Celebramos hoy el mismo misterio que conmemoramos el Jueves Santo, pero ahora sin el telón de fondo de la Pasión sangrienta. En aquel día, ya remoto, recordamos la doble entrega: la de Judas y la de Cristo, la entrega de Judas para la muerte, la entrega de Cristo para la vida. Hoy la Iglesia cubre con el velo de su piedad la negrura de la traición para que resalte el resplandor puro de la liberalidad divina.

1. ENCARNACION Y EUCARISTIA

La Eucaristía es, en cierto modo, la prolongación de la Encarnación del Verbo. En virtud de esta última, Dios se unió, en desposorio indisoluble, con la naturaleza humana. De por sí, hubiera querido unirse íntimamente con cada uno de nosotros, como lo hizo con su propia humanidad. Pero ello era imposible.
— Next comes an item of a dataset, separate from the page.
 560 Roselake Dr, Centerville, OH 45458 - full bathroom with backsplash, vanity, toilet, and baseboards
Sin embargo, la delicadeza de su amor encontró la manera: convirtió su carne en alimento y nos la dio, para que al comerla nos uniéramos con El, nos hiciéramos una cosa con El, nos transformáramos en El. Así la unión personal que no pudo realizarse en la Encarnación, se lleva a cabo gracias a este banquete singular.
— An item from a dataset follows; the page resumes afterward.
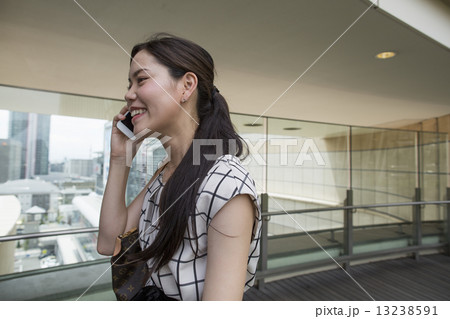 A woman on a walkway in Namba Park office and shopping complex. 13238591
2. SACRIFICIO Y EUCARISTIA

Pero la Eucaristía no sólo continúa la Encarnación sino también el Sacrificio de la Cruz. Lo que hizo Moisés, según escuchamos en la primera lectura, de tomar la sangre y rociar con ella al pueblo diciendo: "Esta es la sangre de la alianza que ahora el Señor hace con vosotros", no fue sino el preludio de lo que realizó Jesús en la Ultima Cena, como nos lo relata el evangelio de hoy, al decir: "Esta es mi sangre, la sangre de la alianza, que se derrama por muchos". Primera y segunda alianza, la de Moisés y la de Cristo, la sellada con sangre de animales y la sellada con la sangre de Cristo. Por esto, como oímos en la epístola, "Cristo es mediador de una nueva alianza entre Dios y los hombres, a fin de que, habiendo muerto para redención de los pecados cometidos en la primera alianza, los que son llamados reciban la herencia eterna que ha sido prometida".

Pues bien, el sacrificio de Cristo es el origen de nuestra Eucaristía. Cristo debió ser triturado en la Cruz para que pudiera ofrecerse en alimento a nuestros dientes de leche. La Eucaristía será siempre la Cruz que revive a lo largo de la historia.

Cada vez que comulgamos, Cristo se encarna de algún modo en nosotros, después de haberse dejado inmolar sacramentalmente en la misa.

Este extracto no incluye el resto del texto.